From the entries below, copy exactly the lines from the one that contains "#OneDestiny" through the one that contains "#AfricanUnite https://t.co/9jrVHxfyzx", both included, and only those.

Source data
=== Section Start ===

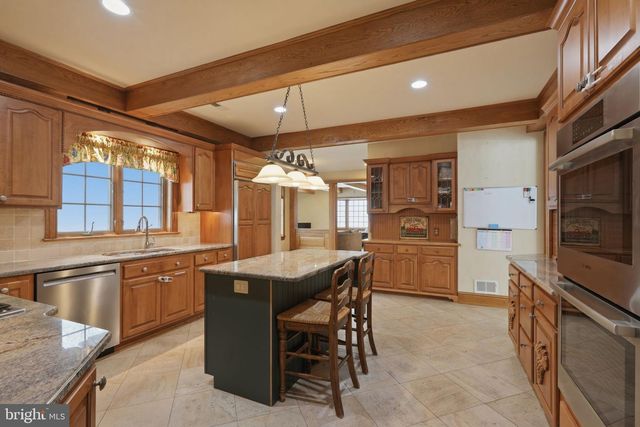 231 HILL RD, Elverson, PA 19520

=== Section End ===
=== Section Start ===

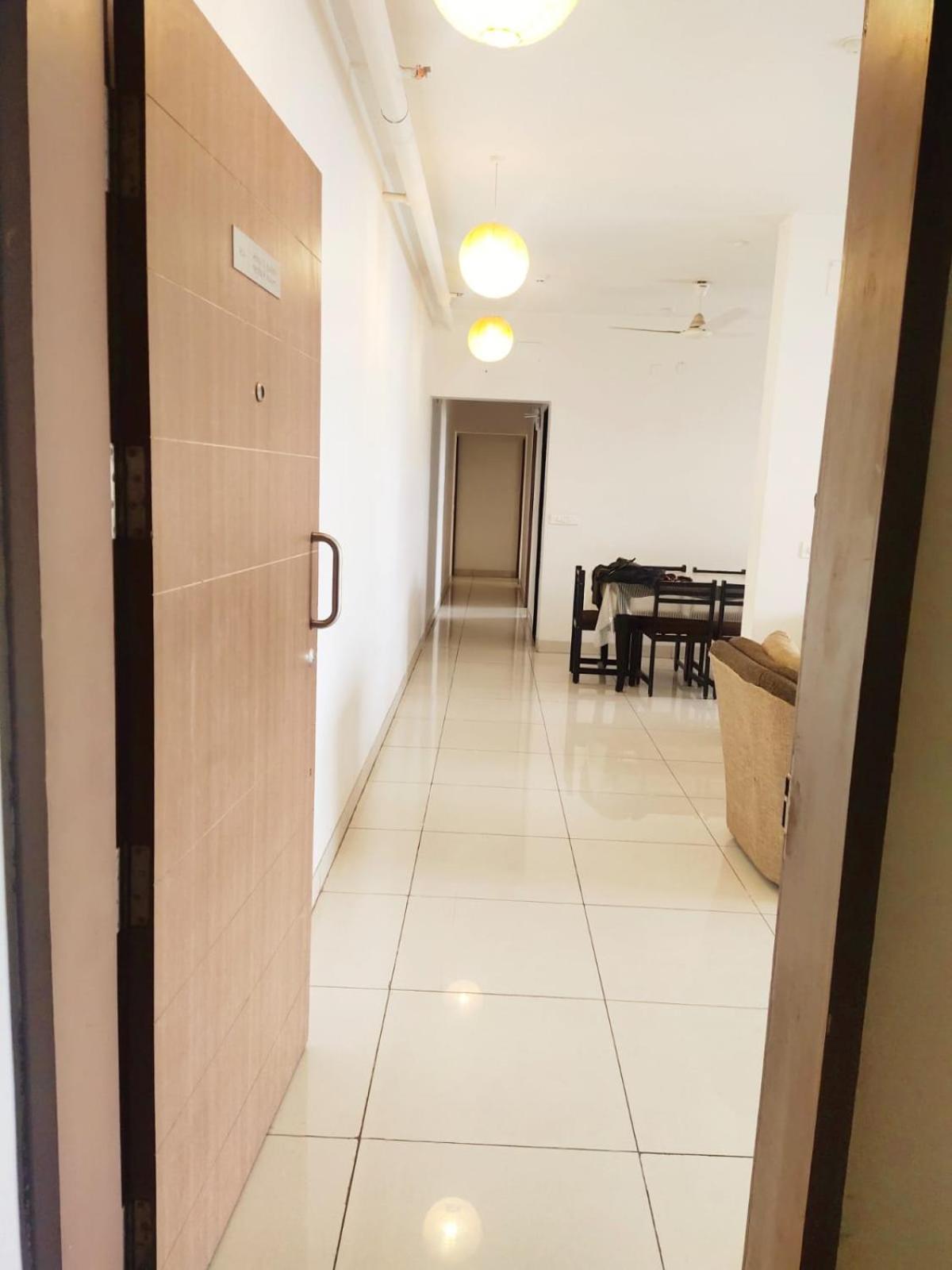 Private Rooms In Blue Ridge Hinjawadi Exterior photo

=== Section End ===
=== Section Start ===

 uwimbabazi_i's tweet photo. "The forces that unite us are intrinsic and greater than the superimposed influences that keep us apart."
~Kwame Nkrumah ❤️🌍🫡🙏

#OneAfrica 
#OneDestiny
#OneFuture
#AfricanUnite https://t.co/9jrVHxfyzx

=== Section End ===

Solution below
#OneDestiny
#OneFuture
#AfricanUnite https://t.co/9jrVHxfyzx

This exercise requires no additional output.